So my growing interest in trees is the trees’ sakes. But it also for our sakes. My discovery is not revolutionary, but feels so anyhow. It’s simply this: spiritually, we’re trees. We grow seasonally, too — spiritually speaking — and each season of flourishing is marked by another death, another dormancy, and then another resurrection.

As I have been learning about trees, I have become fascinated (though not enough to quit my day job) by a branch of science call dendrochronology. Dendrochronology combines history of climatology with botany. It is the study of history and climate change through the minute examination of annual growth patterns of trees in a given area. If the tree is still living, its growth is examined through core samples, a thin plug of half of a tree’s diameter. A special tool bores sidelong into the tree, right to the center of its trunk, through its heartwood to its pith, and then cleanly plucks a taper of the tree. The shaft shows the the tree’s ring stratum, its annual life and death cycle. If the tree is already cut down — maybe it’s used as the roof beam of a house or meeting hall — then it can be studied by making a clean crosscut at the timber’s end (though to preserve historic sites, core samples are also taken from deadwood).

Here’s how dendrochronology works. Each ring varies in width. The width is a clear indication of the growth rate in a given year. If the tree is still living, the age of the tree is easily calculated, just by counting the number of rings from the outer ring to the inner one. Then each ring can be dated. Ring 34, for example, would be, as I write, 1974. Suppose it is significantly thicker than the next two rings on either side of it, 1972 and 1973 and 1975 and 1976. It means that 1974 was much more favorable for growing than those other years, at least in the area the tree came from. That fact can be laid alongside other facts known about those years in that place: climate records, crop records, even things like electrical bills (more or less air conditioning or furnace heat in a given year), soft drink or sun tan lotion sales, all that.

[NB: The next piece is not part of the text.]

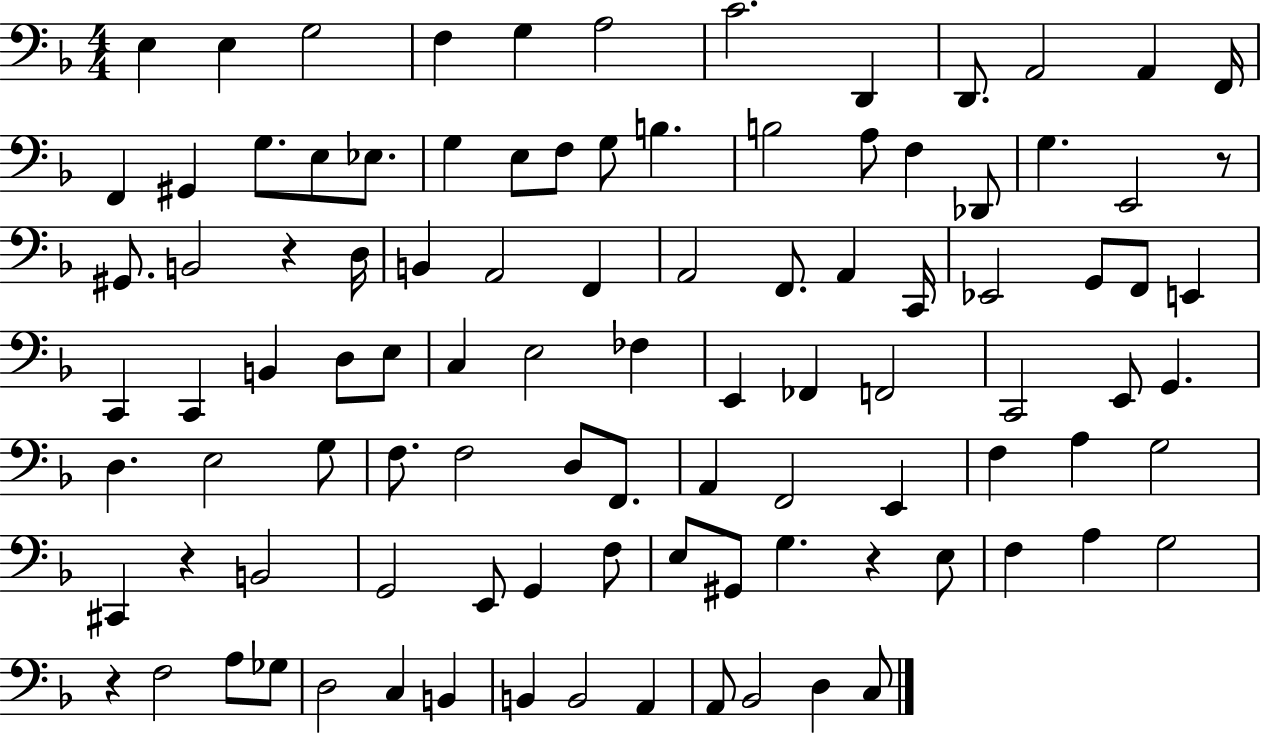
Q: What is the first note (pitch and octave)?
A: E3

This makes it sound trivial, a lot of dogged sleuthing to uncover the obvious. Where it becomes other than than is in the study of places and times for which we have little or no written or archaeological record— ancient civilizations hose artifacts and written documents (if they had any) have largely vanished or exist only in rubble and fragments, or recount only the feats of kings and the like. Dendrochronology can show that, a thousand years ago in the desert of some part of North America, a hundred years of fertility were followed by fifty years of drought, and from that all kinds of deductions can be made — that populations grew rapidly, and mostly lived peaceably, in the hundred years of bumper crops, and then became imperiled during fifty years of scarcity, turning to bloodshed and cannibalism as the situation became desperate, an entire generation losing faith in dynastic leadership and sponsored religion (Jared Diamond, Collapse: How Societies Choose to Fail or Succeed [New York:Penguin, 2006], 136-56, esp. 138-39). And much else besides.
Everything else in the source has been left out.